一方で、持ち主の気配を濃く感じる本もあります。モロッコ革コーネル装の「風車小屋便り」には風車の未使用絵はがきが挟まれていました。モノクロームなので出版と同時代のものでしょう。プロヴァンスを旅した所有者がちょうどいいやとばかりに栞がわりにしたのかもしれません。ひと年取った物静かな紳士の姿が浮かびます。

子供向けの「聖書物語」には素朴なクリスマスカードがついていました。裏には幼い字でプレゼントのサインがあります。友達からの贈り物でしょうか。本も痛んでいないので持ち主はきっとお行儀のいい女の子だったのでしょう。
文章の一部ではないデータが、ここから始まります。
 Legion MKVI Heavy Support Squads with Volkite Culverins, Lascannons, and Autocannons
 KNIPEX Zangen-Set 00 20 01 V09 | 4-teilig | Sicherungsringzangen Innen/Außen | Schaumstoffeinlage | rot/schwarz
目に見えるものばかりではありません。深紅のアールデコ装丁の「ロンサール・愛の詩集」にはエキゾチックな香水の名残りがありました。どんなレディがページをめくったのでしょうね。

なかには素性のはっきりしたものもあります。美しいモロッコ革装の「誘惑者」に綴じられていたのは著者ジェラール・ドゥーヴィルからの手紙です。クロスライティングという縦横重ね書きの流れるような筆跡には、才気あふれるレニエ夫人(筆名ジェラール・ドゥーヴィル)の姿が浮かびます。受け取った手紙を丁寧に綴じ込んだ趣味人の貴族の気遣いも感じられます。

いにしえの愛書家たちの息吹を感じるのも挿絵本コレクションの楽しみのひとつです。